- Dataset section:
◇ ◇ ◇
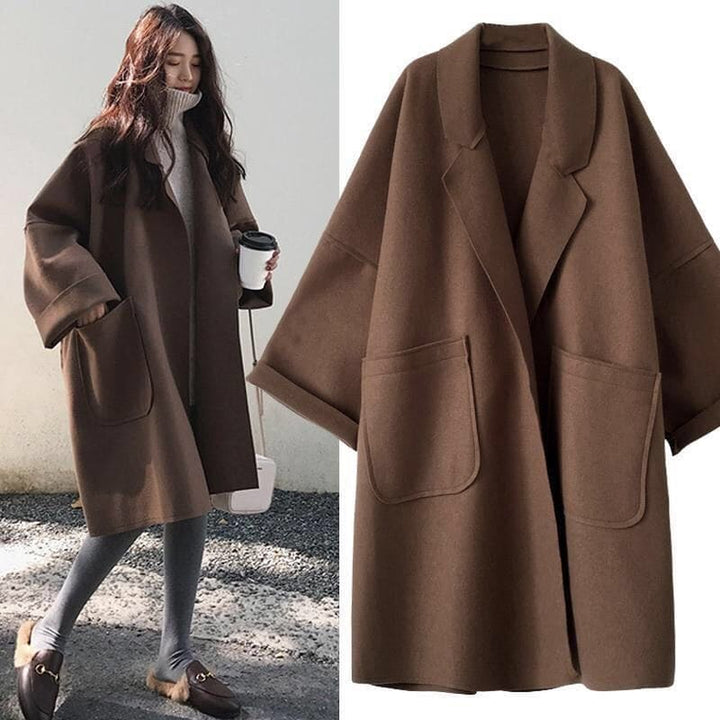 Damen Oversize Trenchcoat Aus Wollmischung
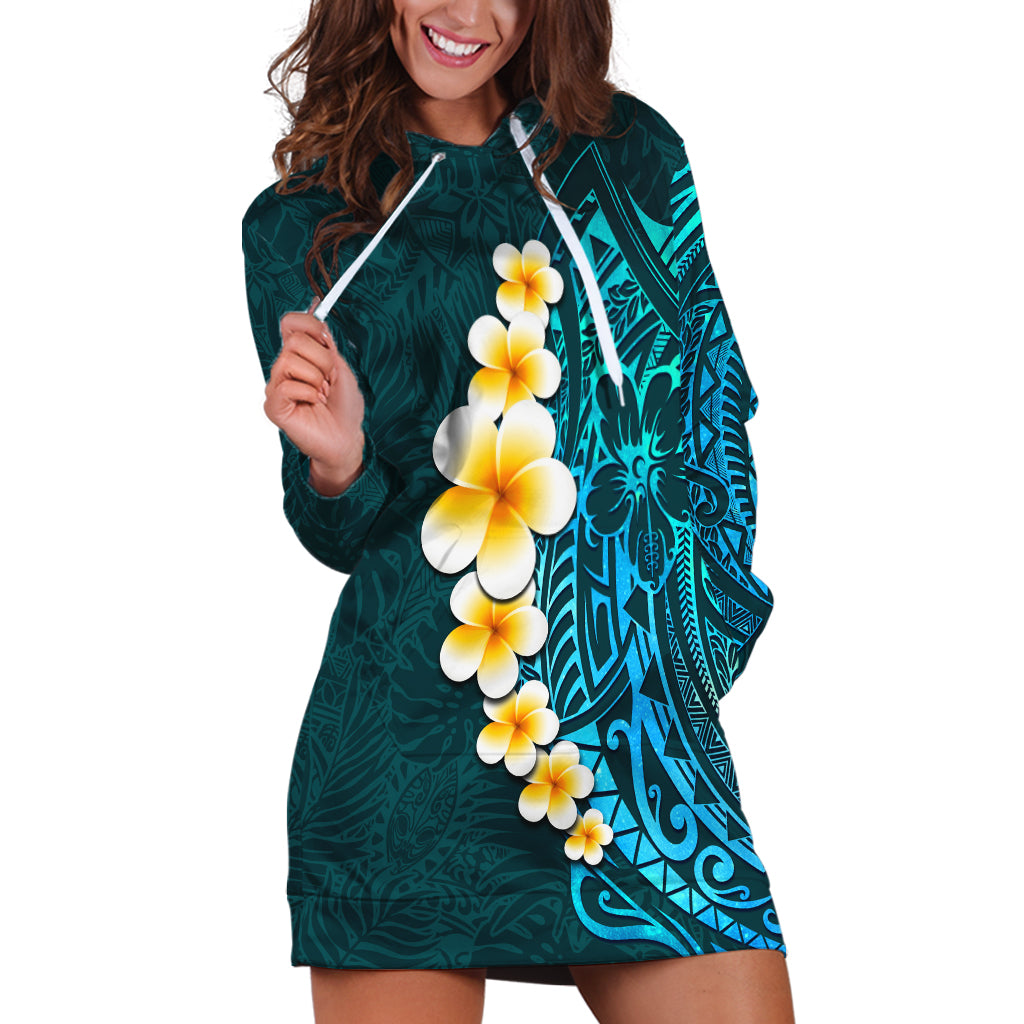 turquosie-polynesia-hoodie-dress-plumeria-tropical-leaves-with-galaxy-polynesian-art
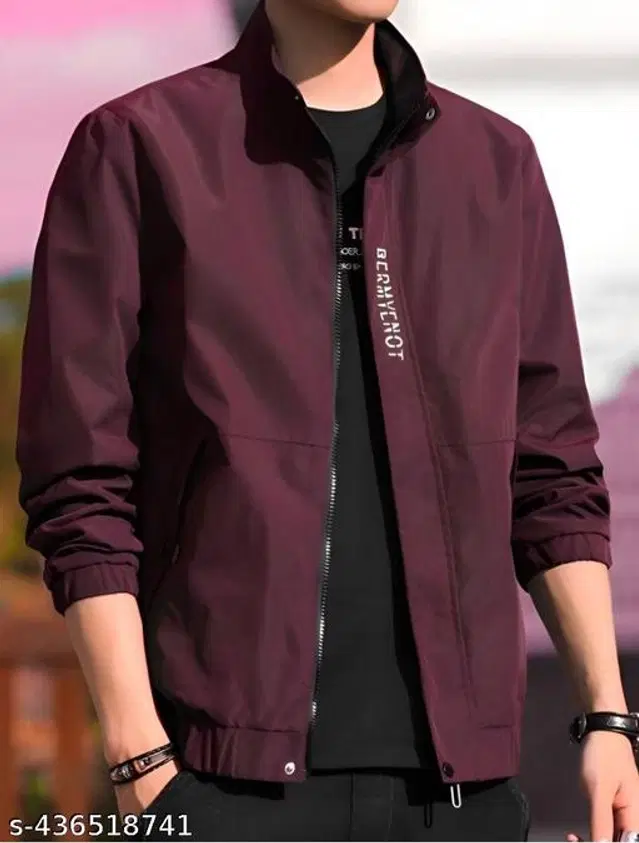 Nylon Jacket for Men (Purple, L)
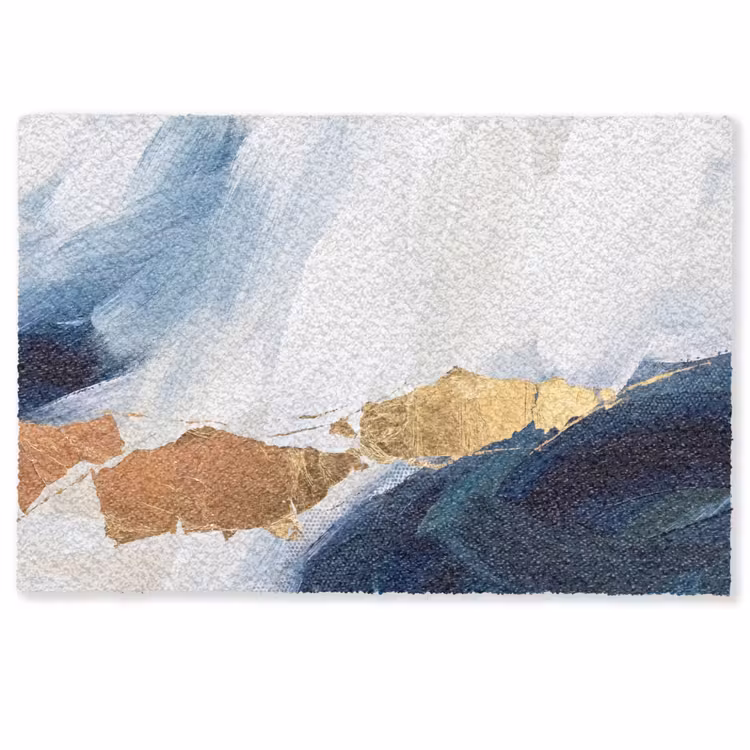 Deurmat - Abstract - Acryl - Blauw - Goud - Elegant — 1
◇ ◇ ◇
An exact copy of the material above is required, minus its images.

- Response below:
 Damen Oversize Trenchcoat Aus Wollmischung
 turquosie-polynesia-hoodie-dress-plumeria-tropical-leaves-with-galaxy-polynesian-art
 Nylon Jacket for Men (Purple, L)
 Deurmat - Abstract - Acryl - Blauw - Goud - Elegant — 1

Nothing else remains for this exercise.